The assessment documents are live on EPA's website however, it has not yet been published in the Federal Register.  Publication is expected to take place early next week and will begin the 60 day comment period on the report. 

Today's document appears to be identical to the report that was "unintentionally" released on EPA's website last month. The EPA has ignored it's own Scientific Advisory Panels and used data that is clearly false. 

It will require a tremendous response from the agricultural community to keep atrazine on the market with effective use rates on the label. 

"Atrazine is a safe and effective crop management tool for farmers," said Laura Knoth, KyCorn Executive Director. "We urge everyone involved and affected by this review to voice your opinion. Send comments to the EPA during the comment period about the effect the loss of atrazine as an economical and effective  weed control product has on you and the agricultural community."

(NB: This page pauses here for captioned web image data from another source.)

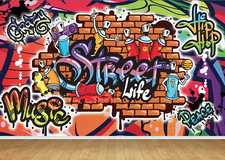 Image of Modern Graffiti Trendy Urban Wall Art Wall Mural Wallpaper fit standard paste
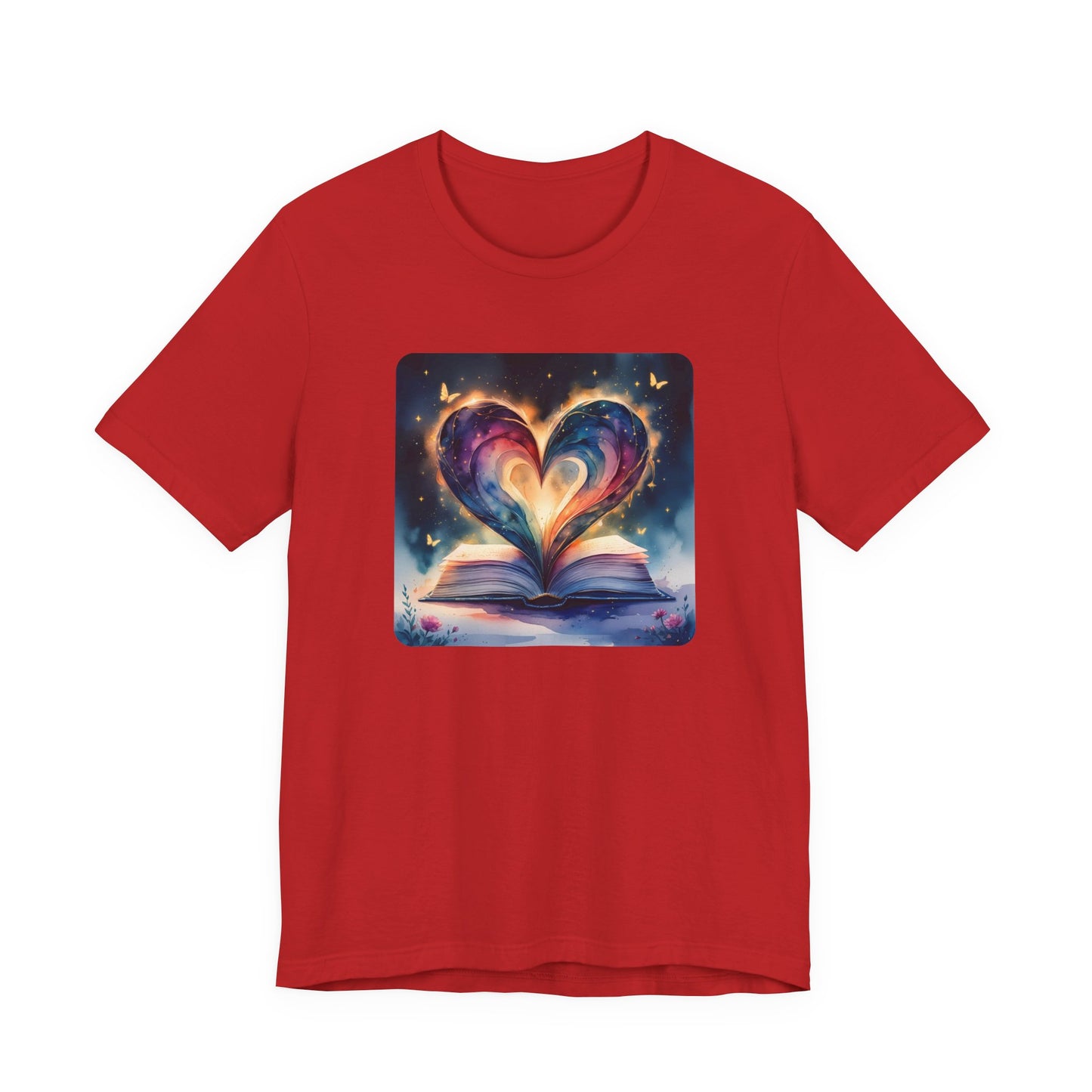 Colorful Watercolor Book Lover with Heart Design Tee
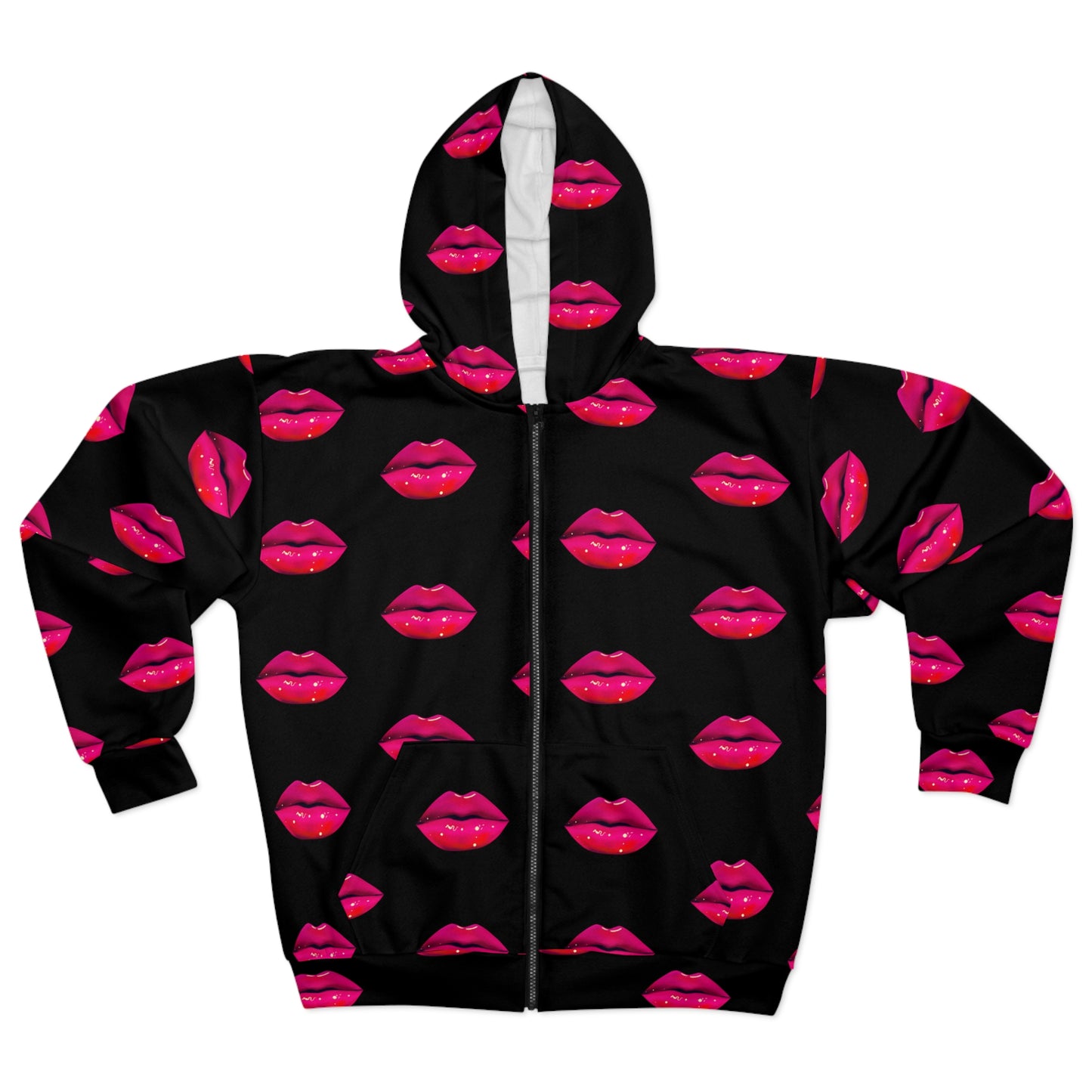 Lip Drip© Limited Edition Simple Soft And Comfort Deluxe Premium Unisex Zip Hoodie In Oh Your Juicy Lips Up To 2XL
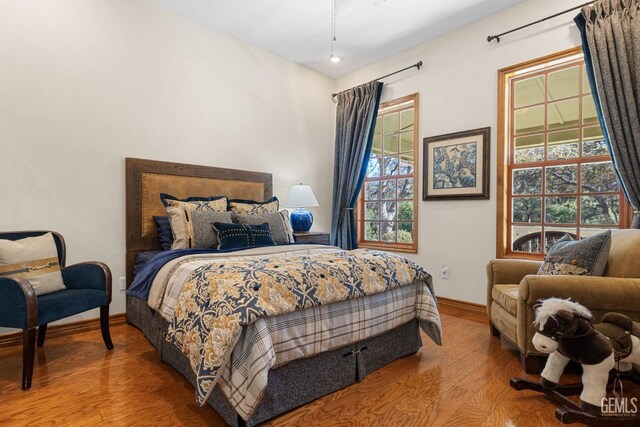 bedroom with hardwood / wood-style floors and multiple windows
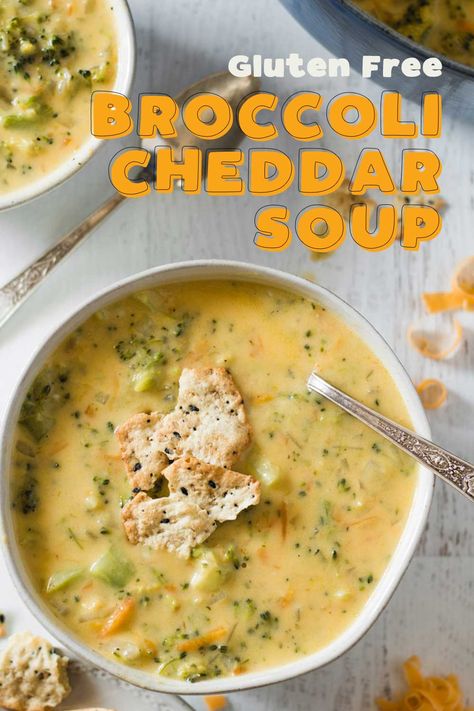 Gluten Free Cheddar Cheese Soup, Quick Celiac Meals, Broccoli Soup Gluten Free, Celiac Soup Recipes, Creamy Gluten Free Soup, Broccoli Cheddar Soup Gluten Free, Gf Broccoli Cheddar Soup, Broccoli Cheese Soup Gluten Free, Gluten Free Broccoli Cheese Soup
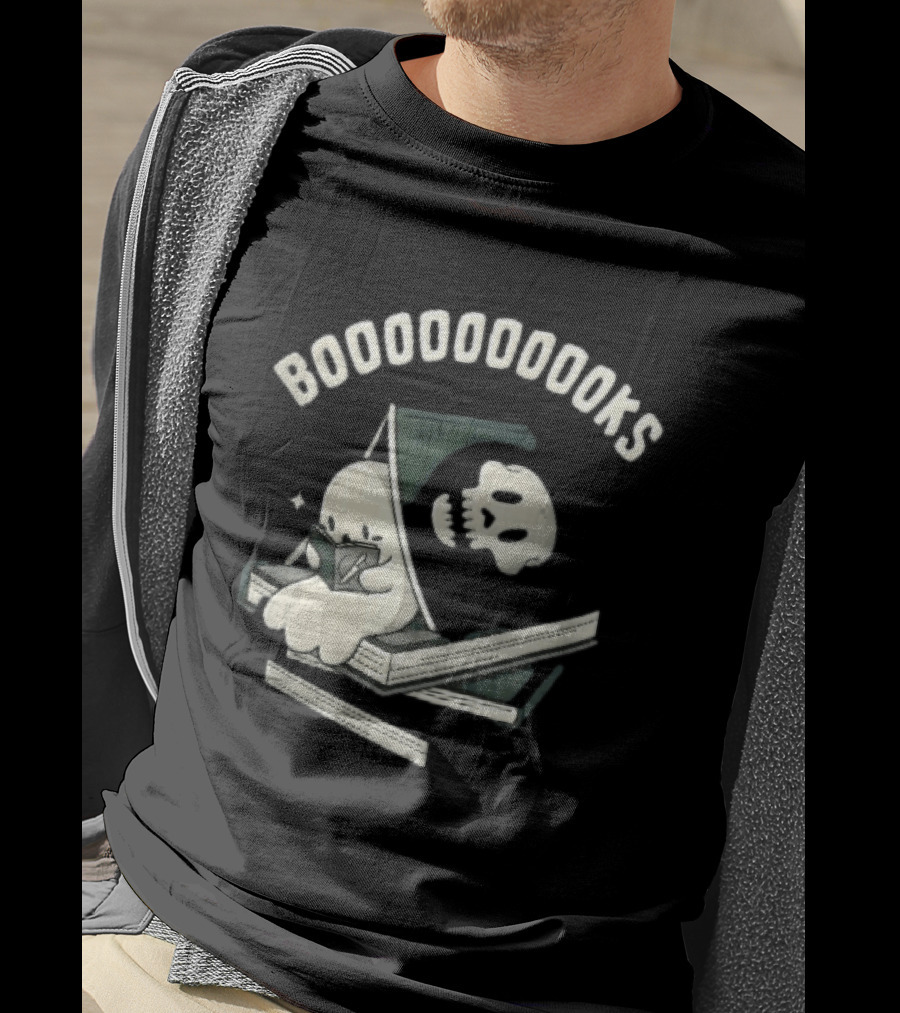 Boooooooooks Cartoon Ghost Reading Novel With Skeleton Specter T-Shirt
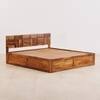 Baare Solid Wood King Size Box Storage Bed In Natural Teak Finish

 See the links below for more information:

Tell the EPA that the RFS Works Today

With the opening of the public comment period regarding the U.S. Environmental Protection Agency's proposal to cut corn ethanol in the Renewable Fuel Standard by nearly 200 million gallons, KyCorn Growers Association urges farmers and their family and friends to email their opposition to this proposal as soon as possible, before the July 11 deadline.
Click here for details on the proposal and a link to send a quick email. Various draft comments are available to enable both farmers and their non-farmer friends to easily send personalized notes to the EPA.
In addition to the RVO written comment period, EPA is holding a hearing to hear from interested parties on the proposal. The hearing will take place in Kansas City, Missouri on June 9.
NCGA and its state affiliates encourage farmers and friends to plan on testifying at the hearing. The association would like a strong corn grower contingent in attendance at the hearing to demonstrate to EPA how its proposals hurt rural America and corn farmers.  This is an excellent opportunity to make the case face-to-face with the actual decision makers.

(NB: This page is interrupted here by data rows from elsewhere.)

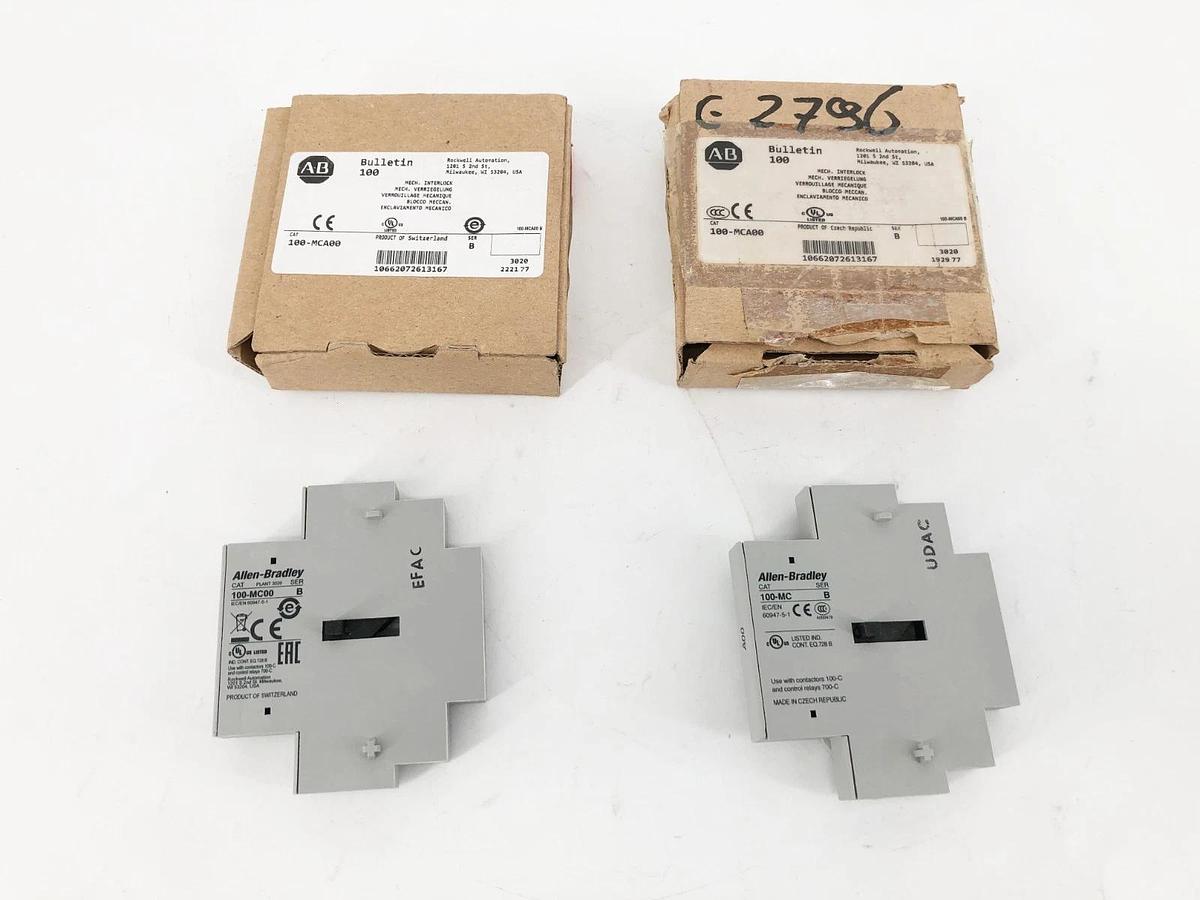 Lot of 2 New Allen Bradley 100-MCA00 Ser. B Auxiliary Contactor Interlocks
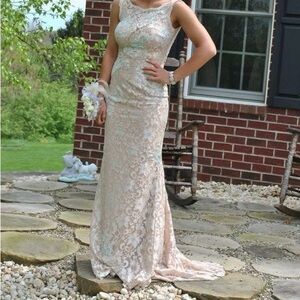 Jovani Elegant Lace Gown in Cream and Silver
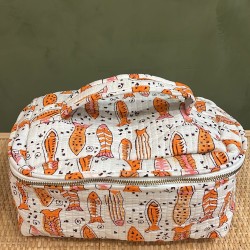 White,Orange fish Square Vanity Bag اكسسوارات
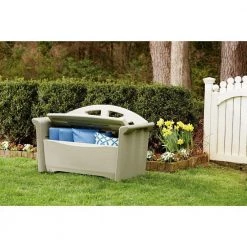 32 Gal. Resin Patio Storage Bench by Rubbermaid -Cheap Sterilite Store brown biege rubbermaid outdoor storage benches fg376401olvss 1d 1000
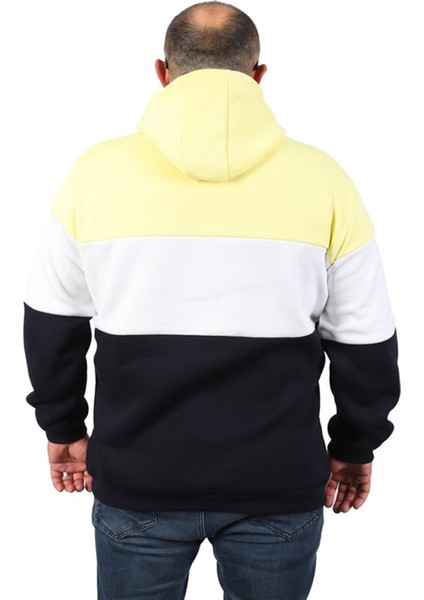 Büyük Beden Parçalı Kapüşonlu Sweat 22736 Sarı fiyatları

Megan Bell, KyCorn board member and farmer, is scheduled to testify at the hearing on June 9. "This is a very busy time for farmers with planting in full force. We have four young boys, so it is especially hard for me to leave unexpectedly, but this issue is critical and I want to show the EPA just how important we think it is," said Megan. "Farmers need to have a voice, even during the busy times. I encourage everyone to send letters and emails. Let them know the impact this decision will have on your family and farm."